_TASK REQUIREMENTS_
Each entry should be returned exactly as written, with no pictures carried over.

_EXERCISE DATA_
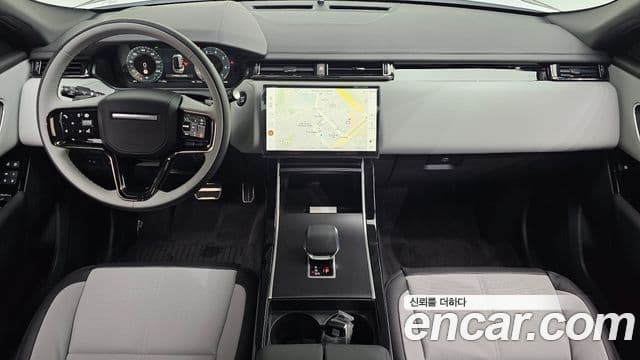 Land Rover Range Rover Velar 2026 — ფოტო 18/20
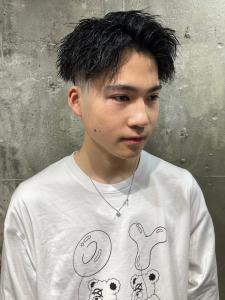 スキンフェード　ツイストパーマ　センターパート　爽やか - MEN'S SALON alfRed 瑞穂店掲載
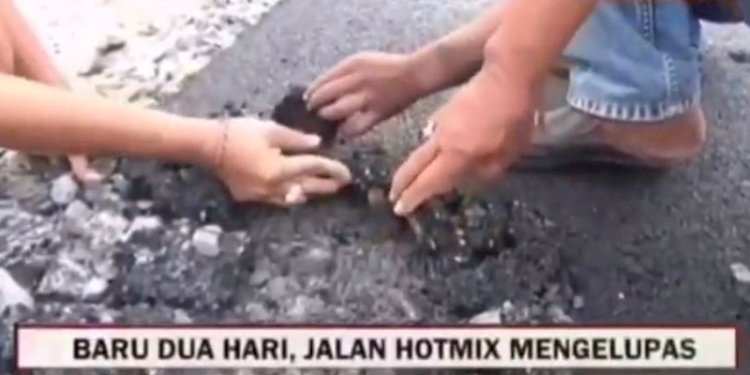 Potongan gambar video jalan aspal di Lampung mengelupas dalam dua hari/Net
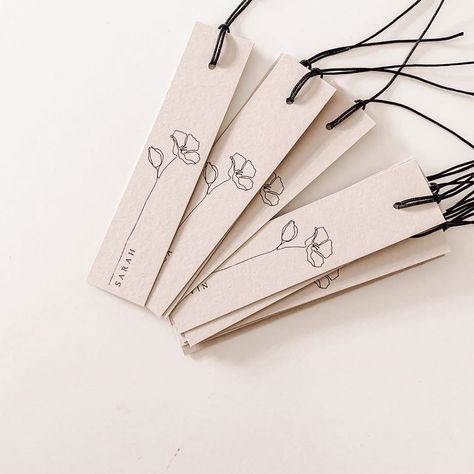 Bobbin&Beau on Instagram: “When the guest list gets shorter everyone is a V.I.P 🤩 Place cards are a great way to dress up your table and make your guests feel super…” Card Branding Design, Intimate Events, Wedding Micro, 달력 디자인, Idee Cricut, Packaging Ideas Business, Creative Bookmarks, Small Business Packaging Ideas, Clothing Packaging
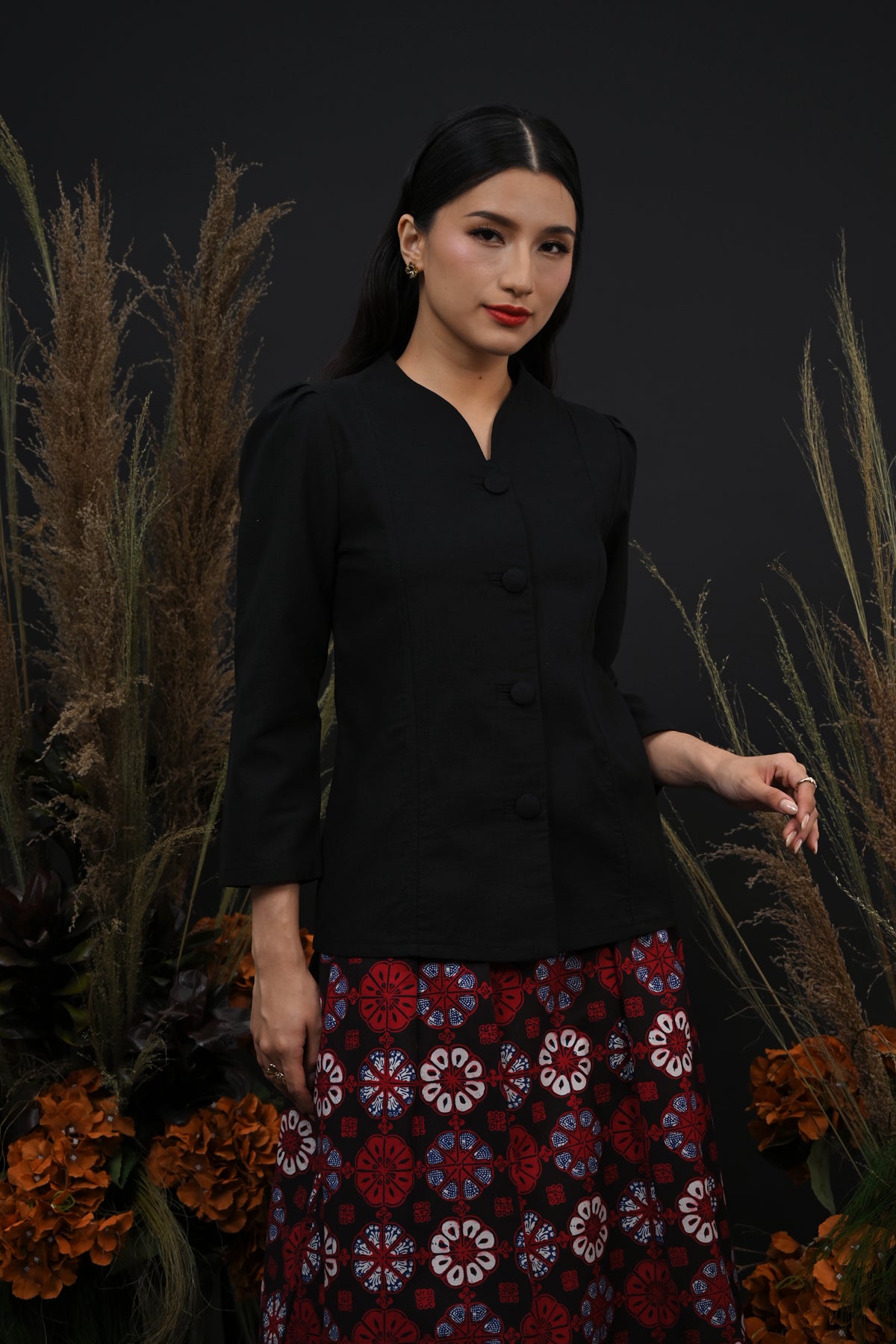Zuri Basic Black T6192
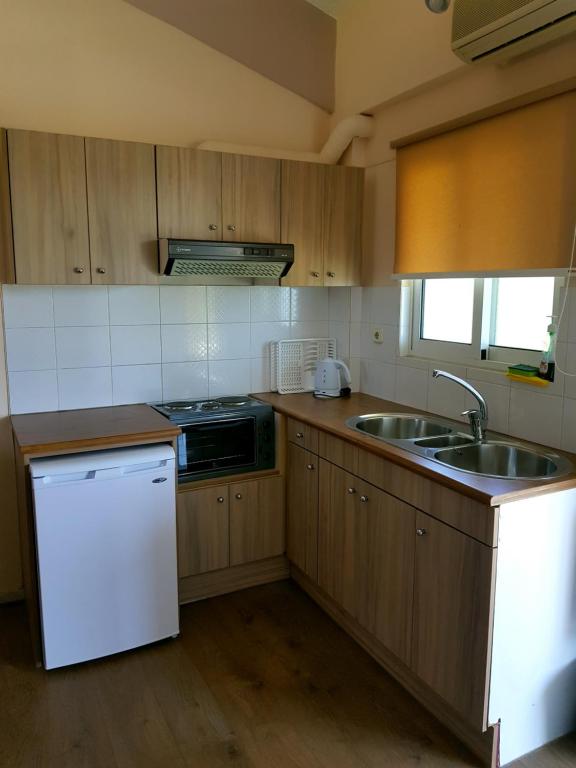 Hotel Kalamitsi Apartments - 4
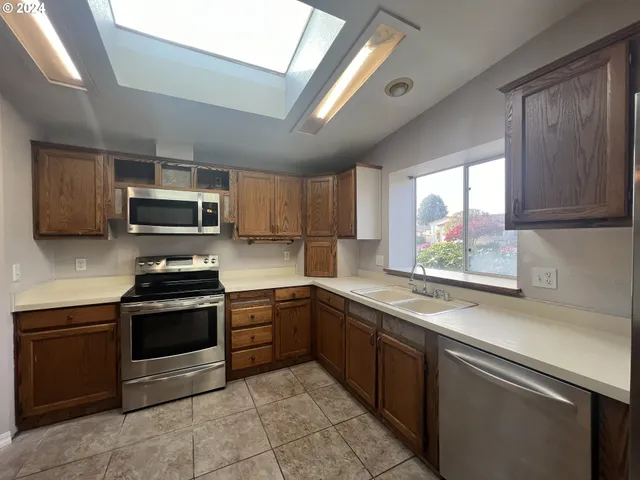 $299,000 | 98147 West Nelson Lane, Brookings, OR 97415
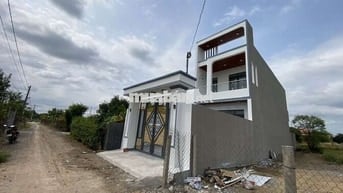 Nhà mặt tiền xe tải, DT 4,9x33m, 165m², sân rộng thoáng mát, 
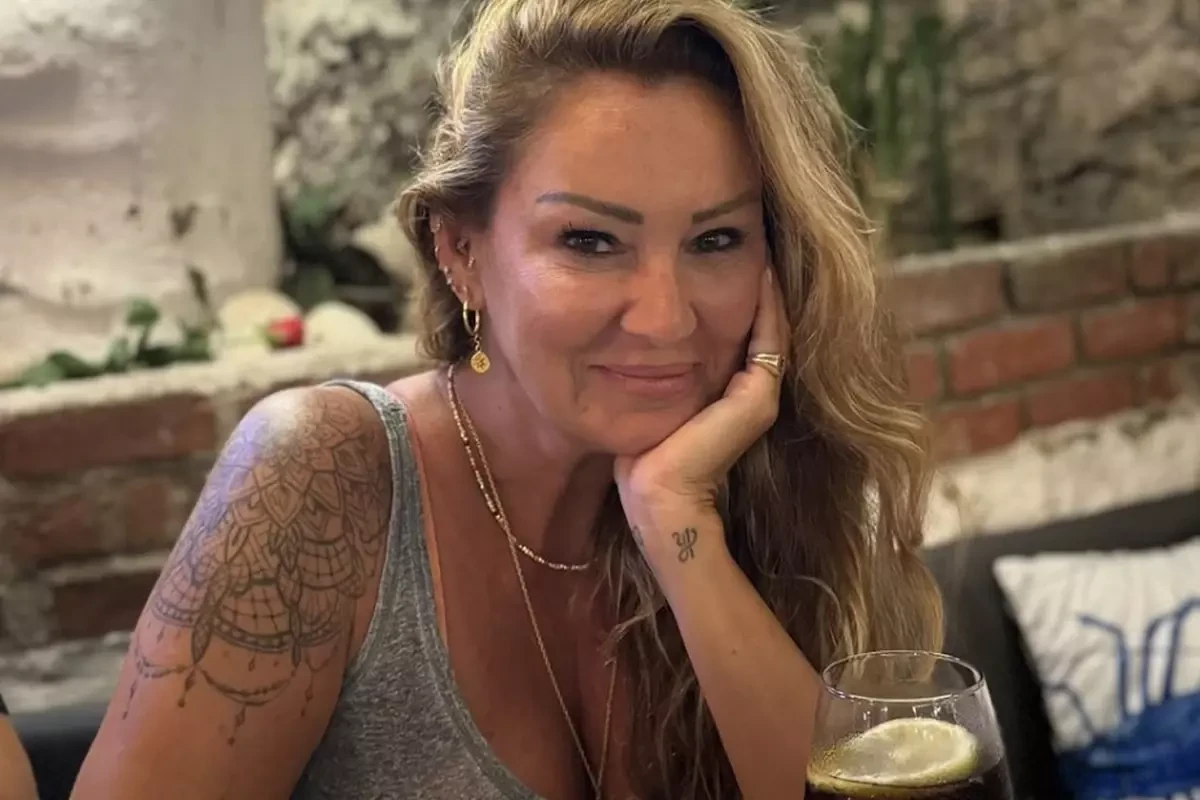 Tanınmış aktrisanın qızı ilə bu fotosu gündəm oldu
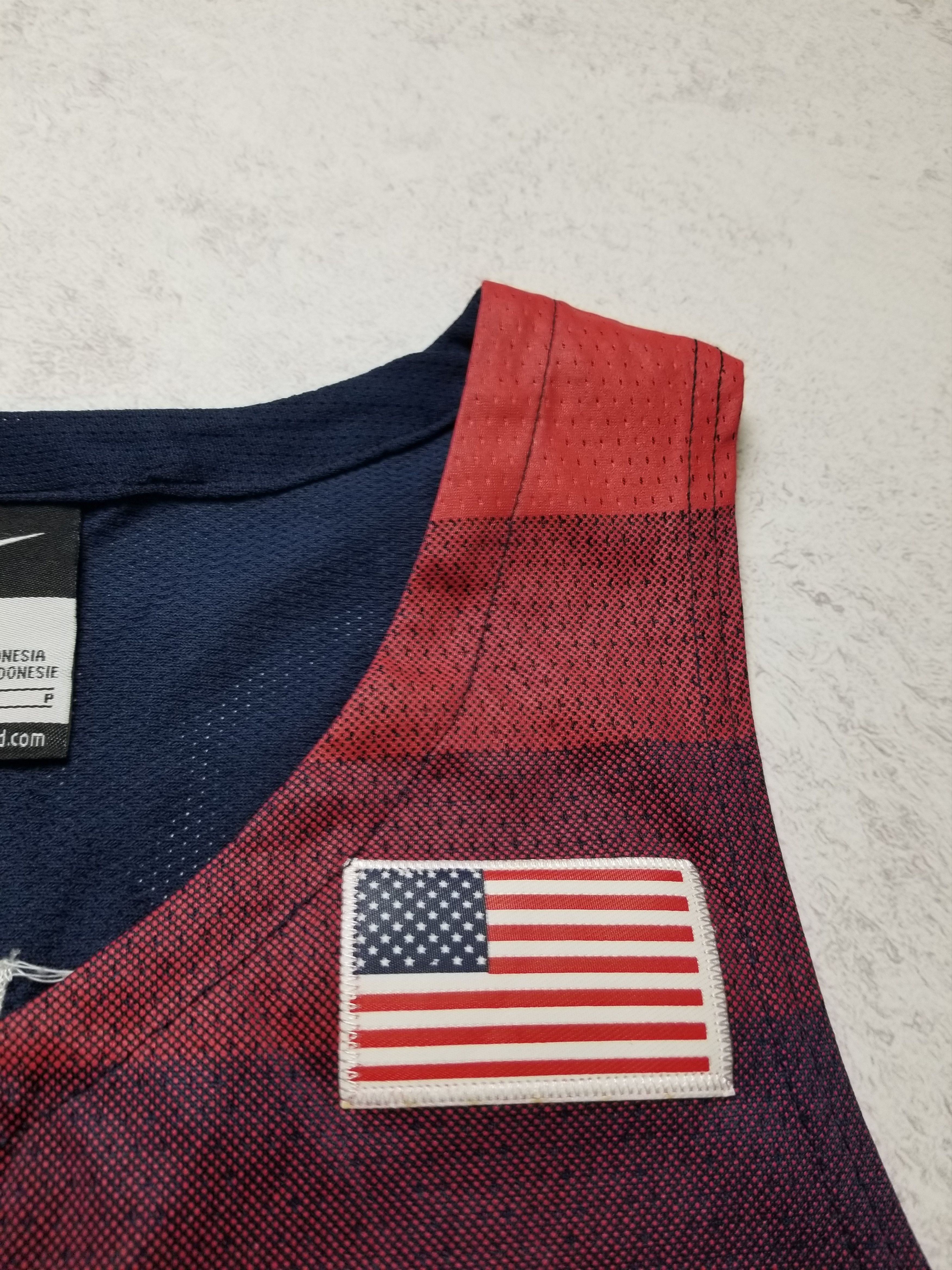 Nike NCAA ARIZONA WILDCATS #13 DEANDRE AYTON COLLEGE NBA JERSEY Size US S / EU 44-46 / 1 - 8 Thumbnail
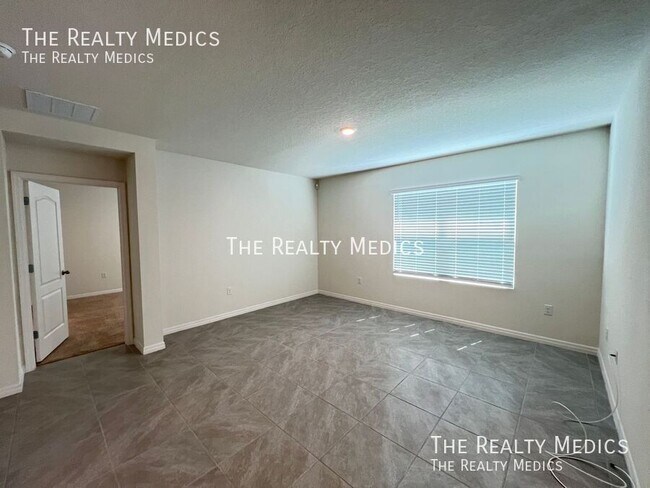 Photo - 536 Emily Gln St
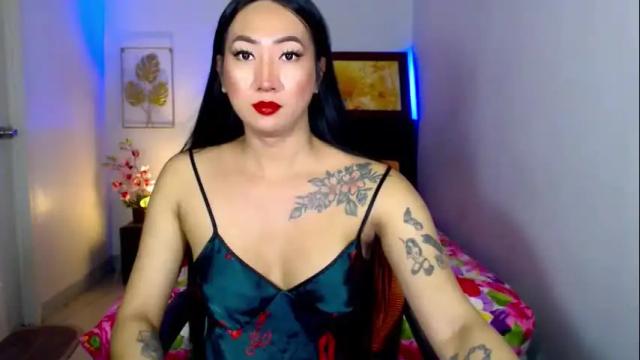Image 3 of queenmistressts Stream on Chaturbate on 13 days ago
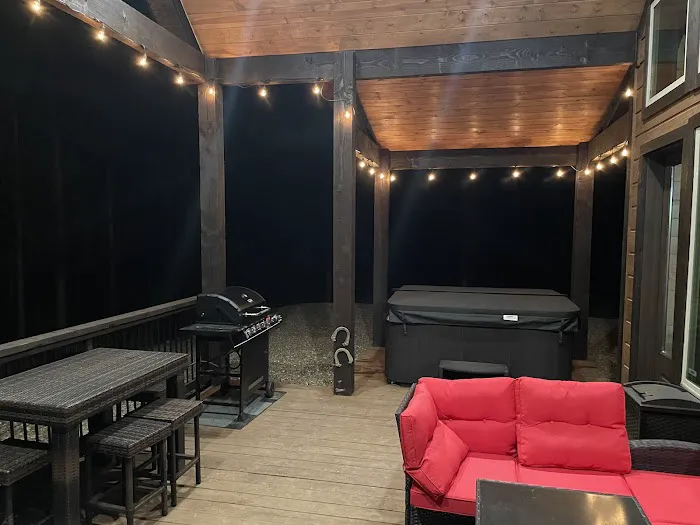 Sittin’ Sweet Cabin Picture 7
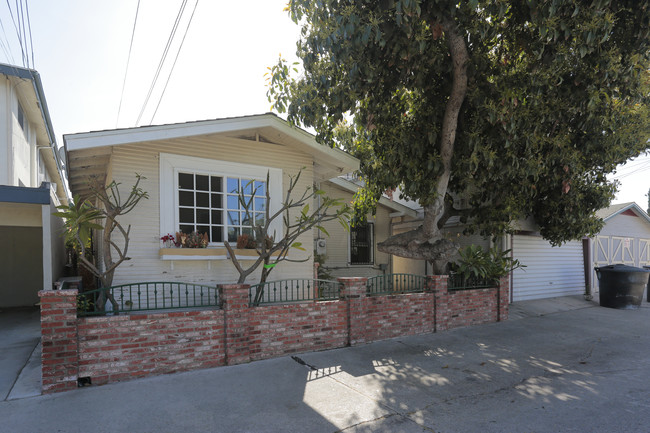 6231-6233 Greenleaf Ave in Whittier, CA - Foto de edificio - Building Photo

_WRITTEN RESPONSE_
 Land Rover Range Rover Velar 2026 — ფოტო 18/20
 スキンフェード　ツイストパーマ　センターパート　爽やか - MEN'S SALON alfRed 瑞穂店掲載
 Potongan gambar video jalan aspal di Lampung mengelupas dalam dua hari/Net
 Bobbin&Beau on Instagram: “When the guest list gets shorter everyone is a V.I.P 🤩 Place cards are a great way to dress up your table and make your guests feel super…” Card Branding Design, Intimate Events, Wedding Micro, 달력 디자인, Idee Cricut, Packaging Ideas Business, Creative Bookmarks, Small Business Packaging Ideas, Clothing Packaging
Zuri Basic Black T6192
 Hotel Kalamitsi Apartments - 4
 $299,000 | 98147 West Nelson Lane, Brookings, OR 97415
 Nhà mặt tiền xe tải, DT 4,9x33m, 165m², sân rộng thoáng mát, 
 Tanınmış aktrisanın qızı ilə bu fotosu gündəm oldu
 Nike NCAA ARIZONA WILDCATS #13 DEANDRE AYTON COLLEGE NBA JERSEY Size US S / EU 44-46 / 1 - 8 Thumbnail
 Photo - 536 Emily Gln St
Image 3 of queenmistressts Stream on Chaturbate on 13 days ago
 Sittin’ Sweet Cabin Picture 7
 6231-6233 Greenleaf Ave in Whittier, CA - Foto de edificio - Building Photo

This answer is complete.